▸ REQUIRED WORK: Only those lines in the data below from the line containing "Индустар-11М 300mm/9,0" through the line containing "Celio Kalhoty Lopick slim", both included, should be restated word for word.

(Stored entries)
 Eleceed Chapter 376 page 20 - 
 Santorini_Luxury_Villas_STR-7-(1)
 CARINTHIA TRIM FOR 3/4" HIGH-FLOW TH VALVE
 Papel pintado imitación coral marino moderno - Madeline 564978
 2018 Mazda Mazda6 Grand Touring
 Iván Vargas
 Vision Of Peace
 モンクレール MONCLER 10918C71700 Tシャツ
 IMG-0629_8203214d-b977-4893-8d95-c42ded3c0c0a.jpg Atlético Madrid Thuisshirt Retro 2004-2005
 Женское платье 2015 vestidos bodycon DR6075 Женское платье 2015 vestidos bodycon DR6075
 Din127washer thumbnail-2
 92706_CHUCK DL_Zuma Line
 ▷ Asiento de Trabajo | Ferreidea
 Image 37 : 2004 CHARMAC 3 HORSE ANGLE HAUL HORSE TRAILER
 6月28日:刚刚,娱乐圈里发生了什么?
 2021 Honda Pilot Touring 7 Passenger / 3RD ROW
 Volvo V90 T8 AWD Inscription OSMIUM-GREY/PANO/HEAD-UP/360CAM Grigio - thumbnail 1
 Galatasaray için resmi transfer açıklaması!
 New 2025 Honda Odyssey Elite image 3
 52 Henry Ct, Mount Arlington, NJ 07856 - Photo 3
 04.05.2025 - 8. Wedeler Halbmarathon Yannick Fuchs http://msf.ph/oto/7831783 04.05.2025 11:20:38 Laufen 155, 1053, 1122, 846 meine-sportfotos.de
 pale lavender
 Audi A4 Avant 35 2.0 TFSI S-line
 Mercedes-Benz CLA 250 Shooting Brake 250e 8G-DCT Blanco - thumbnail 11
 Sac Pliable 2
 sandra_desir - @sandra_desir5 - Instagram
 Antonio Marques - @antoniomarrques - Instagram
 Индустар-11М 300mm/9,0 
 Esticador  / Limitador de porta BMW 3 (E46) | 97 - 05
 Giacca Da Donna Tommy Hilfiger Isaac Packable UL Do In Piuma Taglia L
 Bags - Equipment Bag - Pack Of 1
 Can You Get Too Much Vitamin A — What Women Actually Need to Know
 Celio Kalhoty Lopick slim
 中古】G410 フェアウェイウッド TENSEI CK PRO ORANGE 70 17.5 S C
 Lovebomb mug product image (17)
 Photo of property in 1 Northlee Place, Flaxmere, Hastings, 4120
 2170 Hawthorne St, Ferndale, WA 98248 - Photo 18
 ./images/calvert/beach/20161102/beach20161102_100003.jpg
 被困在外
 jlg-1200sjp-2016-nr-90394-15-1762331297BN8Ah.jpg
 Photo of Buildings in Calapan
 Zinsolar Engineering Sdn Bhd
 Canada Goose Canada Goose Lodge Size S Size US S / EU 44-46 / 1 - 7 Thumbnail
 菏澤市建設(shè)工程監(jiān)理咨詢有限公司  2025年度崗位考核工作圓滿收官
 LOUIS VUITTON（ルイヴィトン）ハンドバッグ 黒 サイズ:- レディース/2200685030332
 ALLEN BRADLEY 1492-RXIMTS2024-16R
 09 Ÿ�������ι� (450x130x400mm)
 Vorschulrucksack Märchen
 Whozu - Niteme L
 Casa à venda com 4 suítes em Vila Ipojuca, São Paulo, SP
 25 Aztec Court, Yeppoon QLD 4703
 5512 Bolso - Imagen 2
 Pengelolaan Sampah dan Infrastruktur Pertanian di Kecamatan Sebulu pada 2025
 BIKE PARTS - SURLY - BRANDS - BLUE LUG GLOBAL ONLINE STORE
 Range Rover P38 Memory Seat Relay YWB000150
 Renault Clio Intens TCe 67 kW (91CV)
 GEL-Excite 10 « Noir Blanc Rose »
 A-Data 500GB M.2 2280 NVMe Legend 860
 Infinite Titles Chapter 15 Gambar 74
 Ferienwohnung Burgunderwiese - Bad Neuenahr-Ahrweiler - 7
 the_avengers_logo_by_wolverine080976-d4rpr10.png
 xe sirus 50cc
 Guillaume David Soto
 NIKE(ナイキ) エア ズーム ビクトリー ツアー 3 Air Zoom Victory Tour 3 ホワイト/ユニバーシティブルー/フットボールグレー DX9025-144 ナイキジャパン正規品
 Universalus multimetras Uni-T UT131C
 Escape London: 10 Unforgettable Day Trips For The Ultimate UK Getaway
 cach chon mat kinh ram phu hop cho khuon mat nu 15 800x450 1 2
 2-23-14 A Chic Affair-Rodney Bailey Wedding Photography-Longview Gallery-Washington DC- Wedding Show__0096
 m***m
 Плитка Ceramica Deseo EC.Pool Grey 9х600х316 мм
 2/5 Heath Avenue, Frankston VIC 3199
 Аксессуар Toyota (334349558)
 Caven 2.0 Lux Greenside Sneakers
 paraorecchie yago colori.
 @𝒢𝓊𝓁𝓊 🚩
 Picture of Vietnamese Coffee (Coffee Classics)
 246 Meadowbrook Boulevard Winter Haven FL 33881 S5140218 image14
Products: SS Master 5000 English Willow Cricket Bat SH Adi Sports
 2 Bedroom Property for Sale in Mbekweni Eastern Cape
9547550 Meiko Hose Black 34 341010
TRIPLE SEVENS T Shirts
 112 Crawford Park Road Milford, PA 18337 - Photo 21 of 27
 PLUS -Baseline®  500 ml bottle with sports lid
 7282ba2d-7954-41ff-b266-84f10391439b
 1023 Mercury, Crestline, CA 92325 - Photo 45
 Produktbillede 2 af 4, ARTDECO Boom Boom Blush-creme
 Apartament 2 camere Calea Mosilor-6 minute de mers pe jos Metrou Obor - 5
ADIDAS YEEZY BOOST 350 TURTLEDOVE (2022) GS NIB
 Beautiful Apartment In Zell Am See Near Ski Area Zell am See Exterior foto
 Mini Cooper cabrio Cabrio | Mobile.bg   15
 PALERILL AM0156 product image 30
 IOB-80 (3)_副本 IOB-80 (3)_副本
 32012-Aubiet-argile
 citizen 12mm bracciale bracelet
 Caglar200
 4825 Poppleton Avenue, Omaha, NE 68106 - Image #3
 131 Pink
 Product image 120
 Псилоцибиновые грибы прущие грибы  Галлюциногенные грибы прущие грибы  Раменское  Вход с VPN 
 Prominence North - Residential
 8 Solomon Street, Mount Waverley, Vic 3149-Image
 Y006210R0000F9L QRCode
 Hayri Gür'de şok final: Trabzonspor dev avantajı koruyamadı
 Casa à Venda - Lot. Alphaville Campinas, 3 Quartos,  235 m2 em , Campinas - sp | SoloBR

▸ RESULT BELOW:
 Индустар-11М 300mm/9,0 
 Esticador  / Limitador de porta BMW 3 (E46) | 97 - 05
 Giacca Da Donna Tommy Hilfiger Isaac Packable UL Do In Piuma Taglia L
 Bags - Equipment Bag - Pack Of 1
 Can You Get Too Much Vitamin A — What Women Actually Need to Know
 Celio Kalhoty Lopick slim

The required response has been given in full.